Let's not rush to judgment, however. If AIG executives legitimately had no idea that the prices the government was paying for AIG's securities were light-years away from real-world prices, they would not have been guilty of fraud. Instead, the executives would have been guilty of extreme incompetence...again.
But criminal or moronic, it's one or the other. Either way, they deserve dismissal.
The chilling storyline that is unfolding from Wall Street's corner offices prompts an obvious question that never seems to produce the obvious answer. Why does the government conduct bailouts at the top of America's socio-economic pyramid, where the perpetrators of the crisis reside, rather then at the bottom of the pyramid, where the victims reside?

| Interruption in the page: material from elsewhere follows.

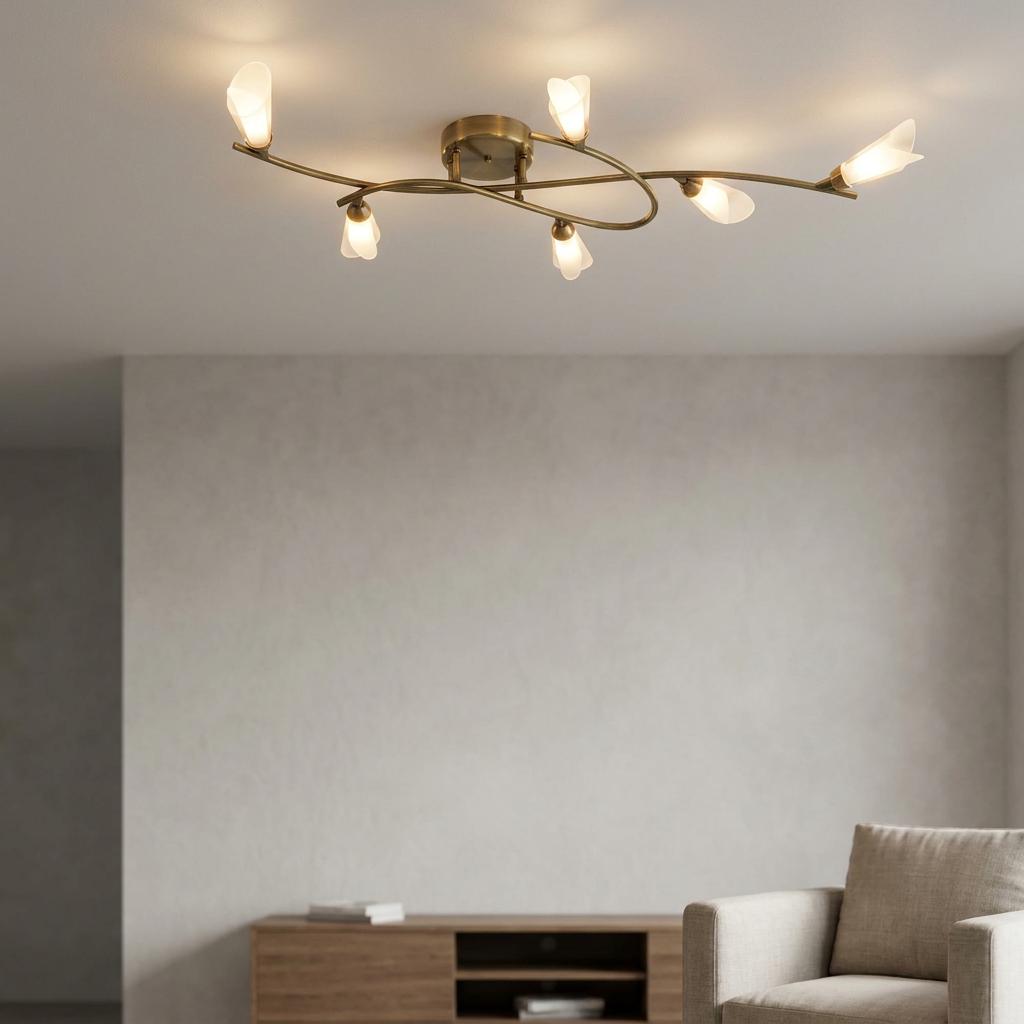 Sare 6 light antique brass ceiling fixture with petal-shaped glass shades in a modern living room setting.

Why, in other words, do we taxpayers continue to throw good money after bad? An alarming report by Mark Pittman and Bob Ivry of Bloomberg News emphasizes the point.
"The Federal Reserve, Treasury Department and Federal Deposit Insurance Corporation have lent or spent almost $3 trillion over the past two years and pledged to provide up to $5.7 trillion more if needed," the Bloomberg duo reveal. And these enormous pledges, Pittman and Ivry point out, would almost be enough to "pay off every home mortgage loan in the United States, calculated at $10.5 trillion by the Federal Reserve."
Despite this deluge of bailouts and guarantees that has rained down upon American financial institutions, the economy continues to atrophy and the finance sector remains comatose. So why continue the ruse? Why not squander taxpayer money to help families stay in their homes, rather than to help psychopaths stay in their Armani suits?
Maybe its time to try something different, like revising the most popular destinations for corporate retreats from Aspen and St. Barts to Sing Sing and San Quentin. But lest you think we are kicking America's corporate chieftains while they are down – or as close to down as we have seen them in a long time, which is actually not very down at all – we would remind you that here at the Rude Awakening we also kicked the corporate chieftains (often) while they were riding high.
Nearly four years ago, we remarked:
"A corporate culture of well-mannered avarice restrains the mighty American economy. Many public companies labor under a Soviet-style central planning – the sort of planning that arranges things very nicely for the planners themselves, but much less well for the proletariat...
"In 2003, the ratio between CEO pay and worker pay reached 301 to 1, up from 282 to 1 in 2002 according to a report from United for a Fair Economy. If the minimum wage had increased as quickly as CEO pay has since 1990, it would today be $15.76 per hour, rather than the current $5.15 per hour."
United for a Fair Economy now reports that CEO pay has soared to 344 times that of hourly workers. So today, as in 2005, "Many of today's executive compensation packages are excessive," as BusinessWeek asserted four years ago. "Too often, directors have awarded compensation packages that go well beyond what is required to attract and retain executives and have rewarded even poorly performing CEOs...Moreover, a poorly designed executive compensation package can reward decisions that are not in the long-term interests of a company, its shareholders and employees."
Shortly after airing these remarks, we followed up with a column entitled "Pinstriped Psychopaths". Regrettably, the observations within that column proved to be much more prescient and relevant than we could have ever imagined.
"We cannot always know, of course, who is psychopathic and who is merely 'tough'," we wrote. "But perhaps the time has come to attempt [back in 2005...!] to discern the difference. For too long, we have revered executives who seemed charismatic, visionary, and tough...as long as they were lifting profits and share prices."